El Palacio Arzobispal y la Plaza del Duomo de Trento.
El Palacio Arzobispal y la Plaza del Duomo de Trento. Fotos/William Navarrete

A un costado vemos el Palacio Arzobispal y la Torre Cívica (siglos IX y XIII), que sirvieron de residencia oficial a los obispos tridentinos, antes de que se mudaran al Castillo del Buonconsiglio. Hoy en día, el edificio acoge el Museo Diocesano y una excelente colección de pinturas de la que sobresalen lienzos de Martino Teofilo Polacco, Carlotto Lotto, Orazio Giovanelli y Andrea Pozzo, entre otros, además de esculturas y retablos, así como el Tesoro, que contiene urnas procesionales, cetros, ostensorios y otros objetos litúrgicos de inestimable valor. También vemos lienzos de algunas sesiones del Concilio, como la inaugural (por Nicolo Dorigati), en Santa Maria Maggiore (de Elia Naurizio) y la del 15 de julio de 1563 (por Odette Pauvert-Tissier).

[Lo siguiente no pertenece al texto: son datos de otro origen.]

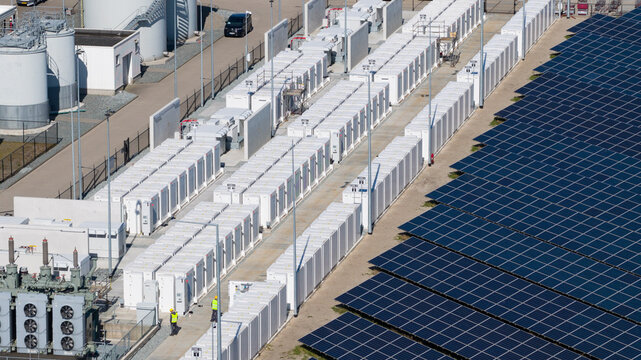 Aerial view of the ENGIE Maxima plant battery energy storage system and solar panels under bright sunlight in Lelystad, Flevoland, Netherlands.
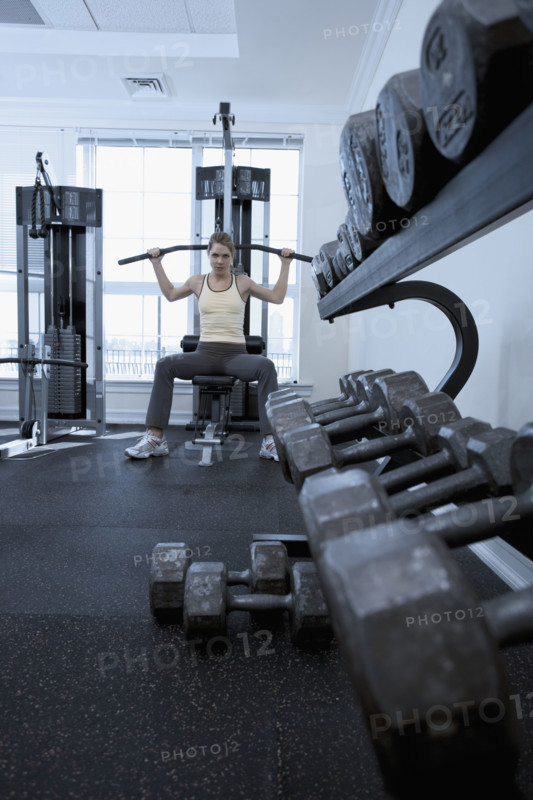 Woman working with resistance machine.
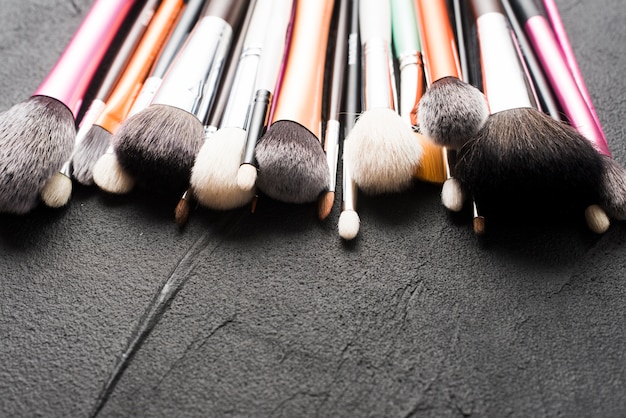 Free photo close-up makeup brushes on black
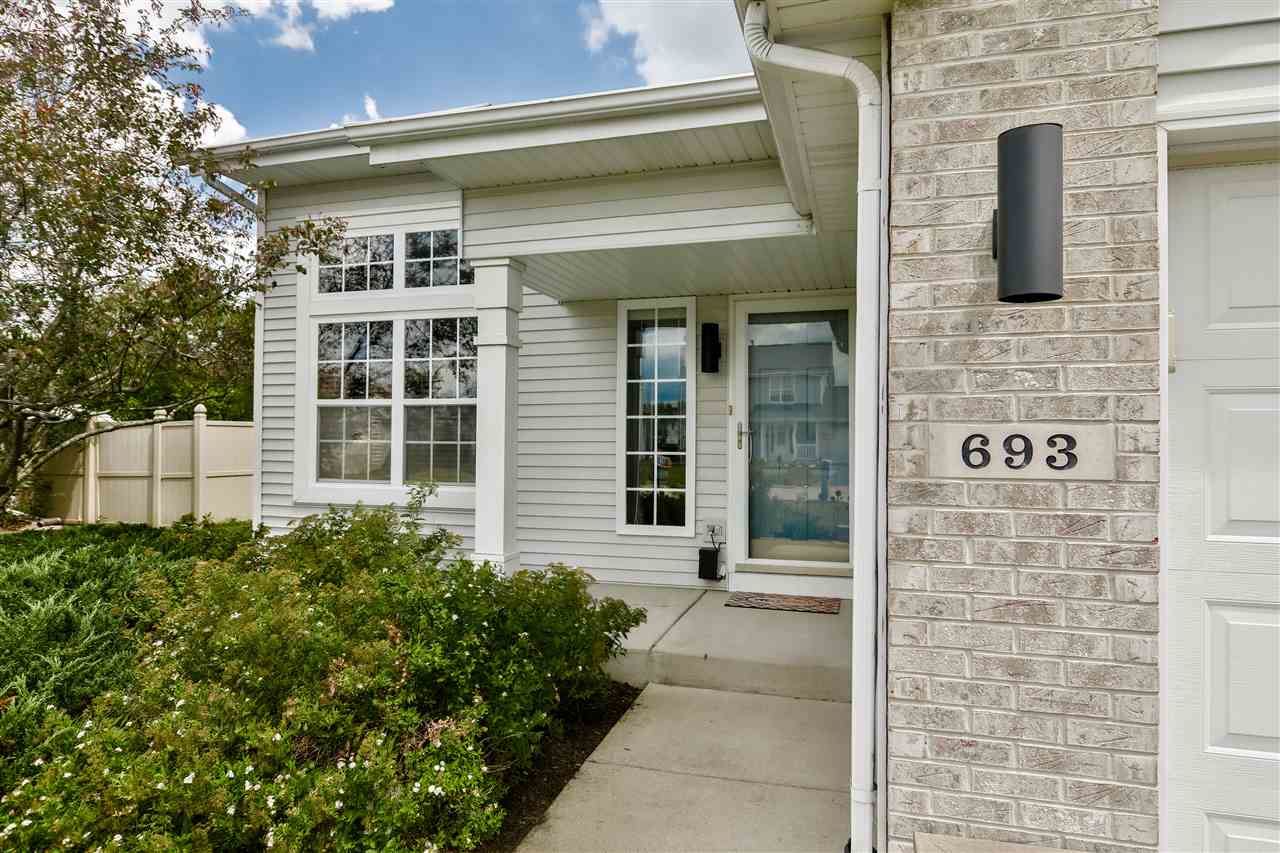 693 Bayfield Road Rockton, IL 61073 - Photo 1 of 26 a couple of potted plants in front of door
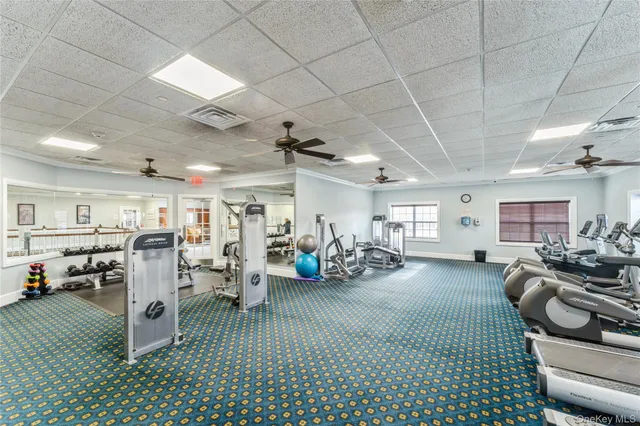 a living room with lots of furniture and a wooden floor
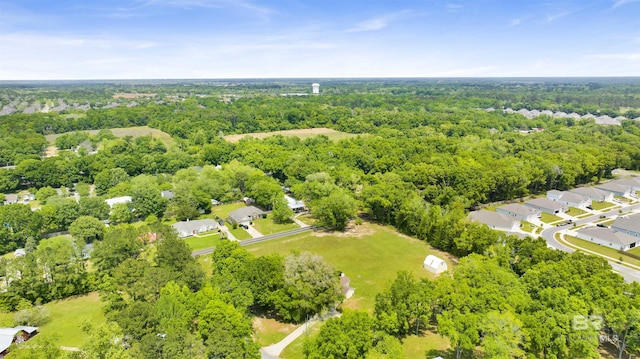 birds eye view of property with a forest view and a residential view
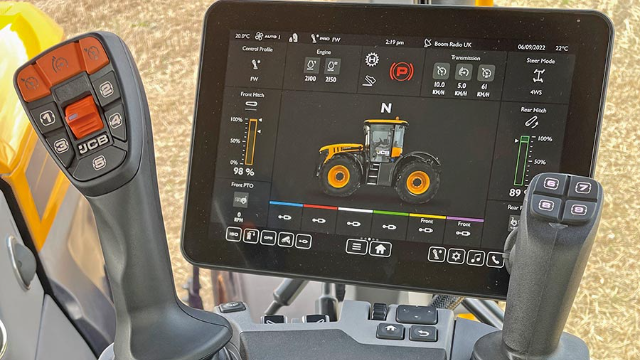 The image shows a close-up of a JCB Fastrac tractor's control system. In the foreground, there are two control handles with buttons, labeled with numbers and letters. The larger central display screen shows a digital interface with a tractor illustration, various control settings such as control profile, engine speed, transmission, and steer mode. 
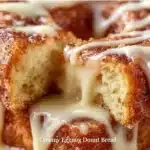 Slice of creamy Eggnog Donut Bread showcasing its rich texture and festive flavor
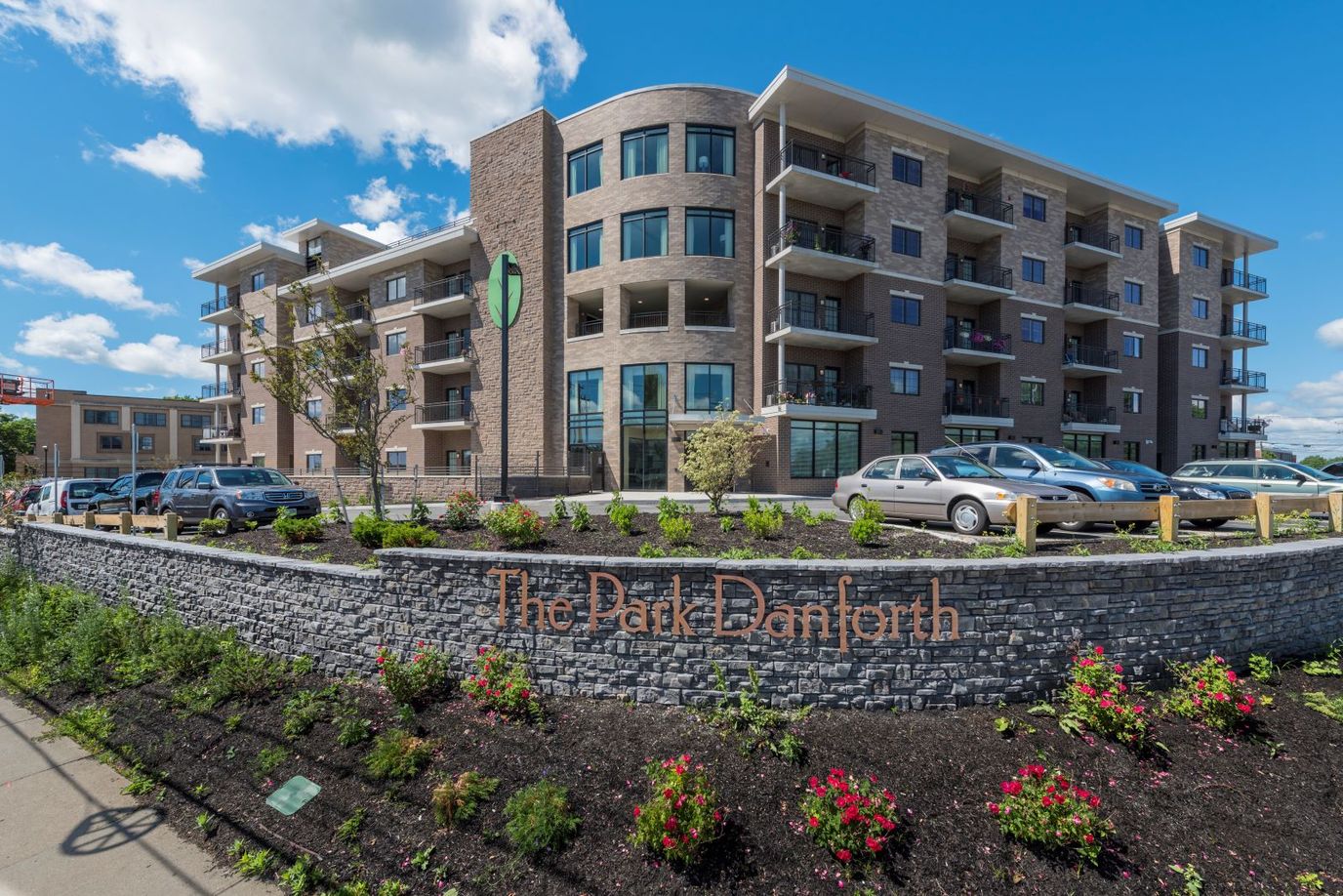 Exterior view of The Park Danforth building with landscaping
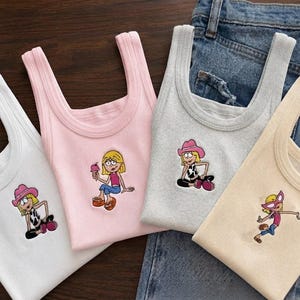 May include: Four ribbed tank tops in white, light pink, heather gray, and cream. Each top features a small embroidered cartoon character graphic on the front. The characters include a blonde figure wearing a pink hat, holding ice cream, or wearing pink sunglasses.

Fachada de la Catedral de Trento.
Fachada de la Catedral de Trento. Fotos/William Navarrete

De la plaza del Duomo parte la via Rodolfo Belenzani y a ambos lados se puede admirar un notable conjunto de palacios nobles (Geremia, Thun, Quetta-Alberti) con fachadas decoradas con frescos renacentistas.

Abundan en Trento los espacios verdes (la plaza Dante, por ejemplo, cerca de la encantadora iglesia románica de San Lorenzo), y la ciudad se ve muy animada gracias a la presencia de jóvenes que asisten a su conocida Universidad. Alrededor la piazza di Fiera y las via Mazzini, Santa Trinita y Roma hay muchos bares de copas y restaurantes, y lo esencial de las tiendas y otros comercios.

Trento es un sitio ideal para, desde Milán o Venecia, recorrer en auto la región de las Dolomitas y el Tirol austríaco. Y disfrutar también de la naturaleza, gracias a los bosques, las montañas y los lagos que la rodean.